Despite repeated political concessions (in 1969, 1974, 1979, 1988), the world has not yet allowed Arafat to achieve this last component. That was his goal when he lay the groundwork for a Palestinian state. He realized the price that would be paid, but thought, as always, that once he put down the first bricks, the building would grow.

Abu Ammar was able to maneuver much and expand the patch of land under the Palestinian National Authority little. But he was not able to expand his political abilities into achieving the aspired-for Palestinian state.

Until, of course, Ehud Barak came to power in Israel. After the assassination of the skeptic Rabin, and the tenure of a hesitant Peres and loud-mouthed Netanyahu, Barak began talking about a comprehensive deal that would result in a Palestinian state. Arafat (now over 70 years old) was the closest that had ever been to his last goal. Still, Barak demanded one condition–an end to the conflict.

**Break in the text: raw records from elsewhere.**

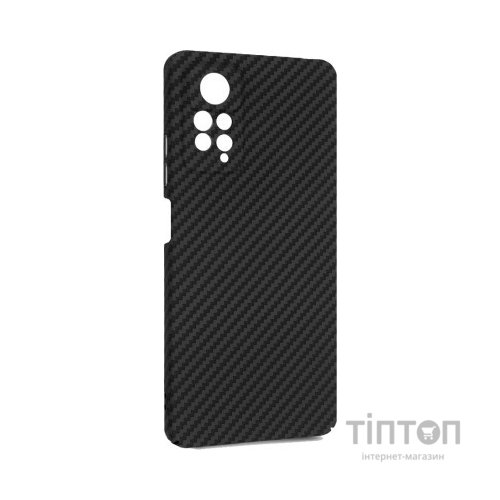 Чохол до мобільного телефона Armorstandart LikeCarbon Xiaomi Redmi Note 12 Pro 4G Black (ARM71945)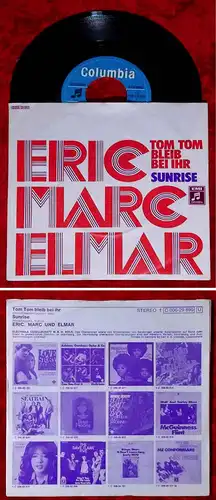 Single Eric, Marc & Elmar: Tom Tom Bleib Bei Ihr (Tom Tom Turnaround) D 1971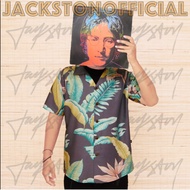 KEMEJA Ask For STOCK First.Desmos Beach Shirt Jackston Surf Sk8 Stoner Baks Weed Hemp Organic 420 Ha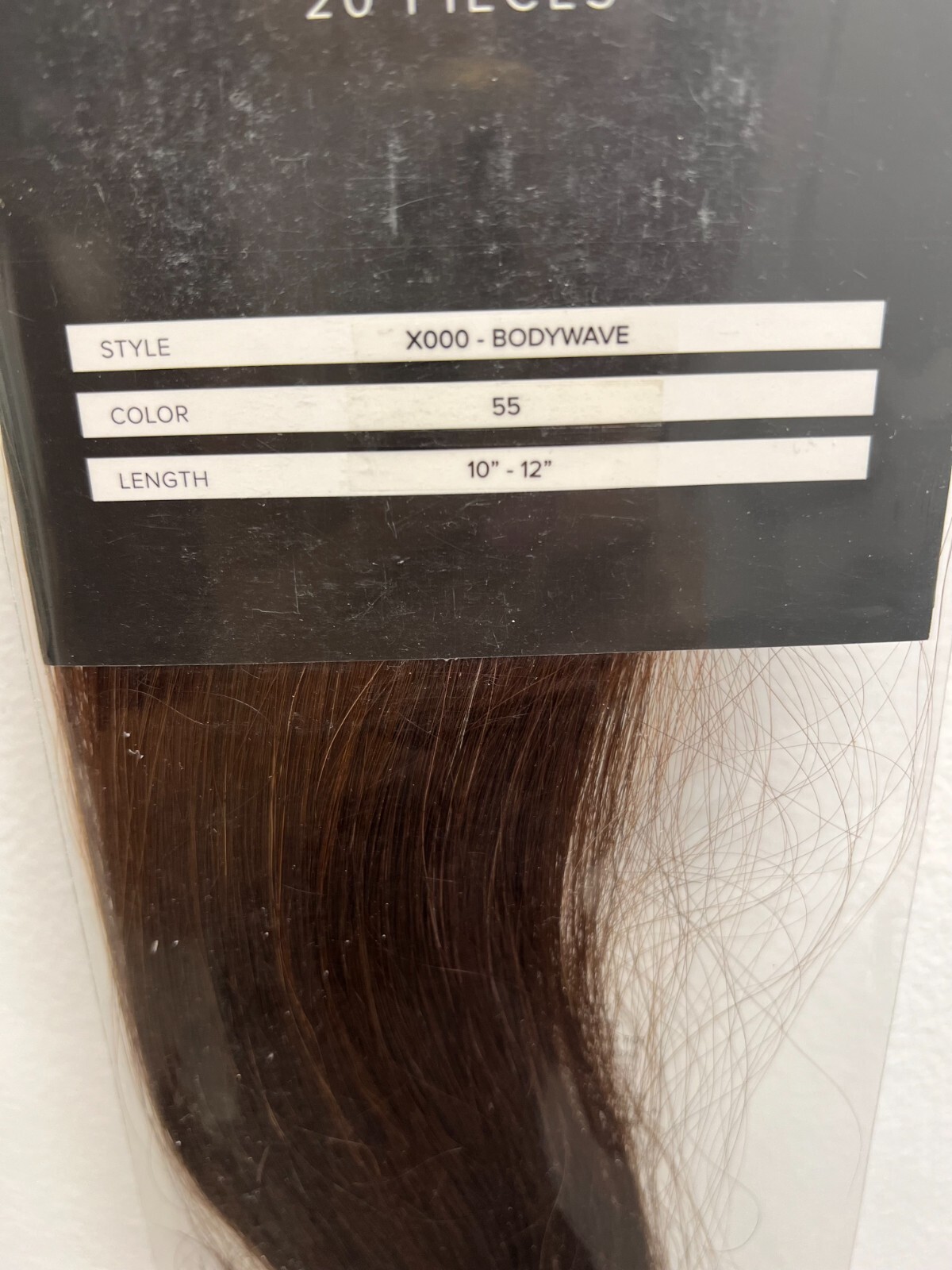 HOTHEADS Hair Extensions / Tape-ins / #55 / 10-12″ / Brand New / Body Waved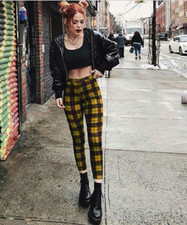 Women’s Red Tartan Plaid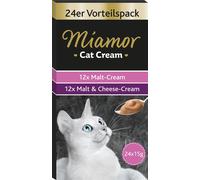 Miamor 24x15gx4 CatSnack Malt Cream Pacco Vantaggi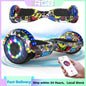 RCB 6.5" Hoverboard | Bluetooth & LED Lights
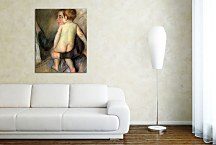 At the Window Obraz zs17573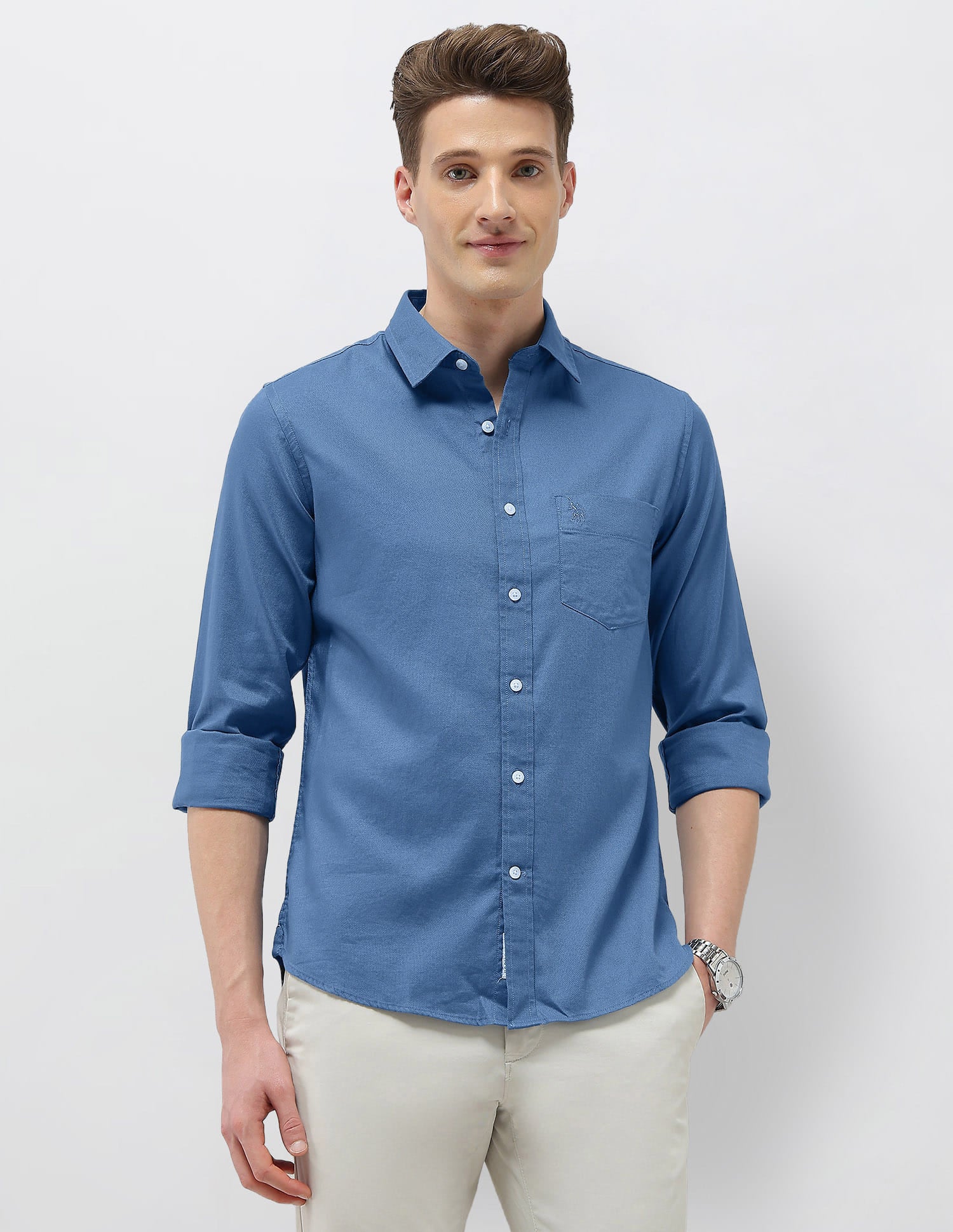 New Port Marina Dobby Shirt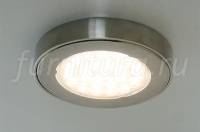 Комплект из 3-х светильников LED Metris V12 SP, 3050-3250К, отделка никель шлифованный глянец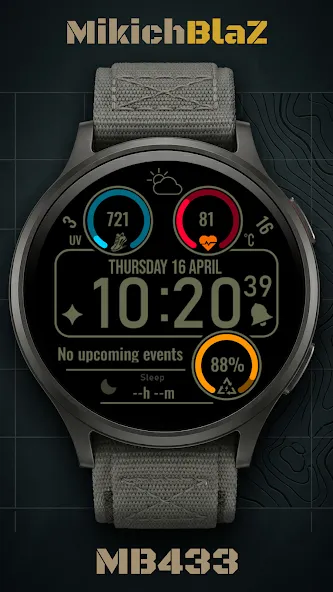 Digital Watch MB433 screenshot 1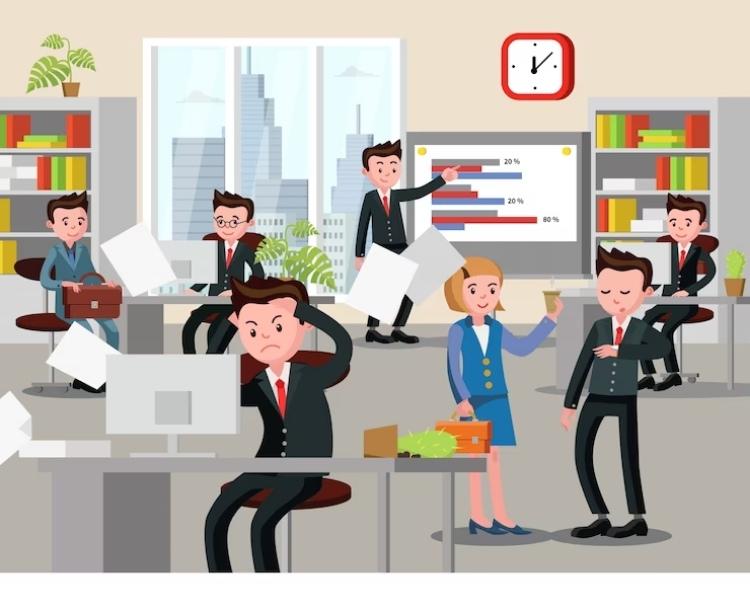 Nhận biết những dấu hiệu căng thẳng của nhân viên để ngăn chặn tình trạng stress tại nơi làm việc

As usual, Arafat tried to maneuver. But Barak refused and, with active American help, he trapped Arafat. His offer to accept a Palestinian state came with a number of conditions, most importantly, those related to Jerusalem and the refugees. Arafat rejected the offer at face value, but not in essence. He wanted Barak to come back with something better. But Barak did not really want to reach a settlement and instead burned himself out politically. He and Clinton painted a negative picture of Arafat and international support for Palestinians began to crumble.

The situation called for a Palestinian uprising and it came. But with it, it brought Israeli Prime Minister Ariel Sharon. The two bitter enemies met again and the conflict, previously camouflaged by the peace process, rose to the surface and exploded.

Sharon’s personal vendetta against Arafat and political objections to the Palestinian cause are married together. As such, Sharon launched an escalating systematic campaign to eliminate the possibility that the Palestinian Authority would become an independent state, preferring a framework of autonomy under Israeli sovereignty. At the same time, he began to politically strangle Arafat, weakening him towards collapse– either by forcing him to carry out Israeli demands to act as an Israeli tool, or by bringing him down.

Arafat is trying to use all his tactical talents in maneuvering with Sharon to get out of the present crisis. But the situation, internally, regionally and worldwide, does not leave him much leeway. Rather, he is only facing more pressure. In light of a disintegrating relationship with the Arab world, Arafat has lost all of what he needs to move. What is required of him exceeds the limits of his pragmatism and his ability to justify compromise.

As such, Arafat has come back to defending, not the last of his three strategic components, but the first–his own leadership. It is a battle that will determine his own fate, and therefore, the future of the Palestinian cause.

Ali Jarbawi is a Palestinian political analyst and director of Abu Lughod Institute for International Studies at Birzeit University.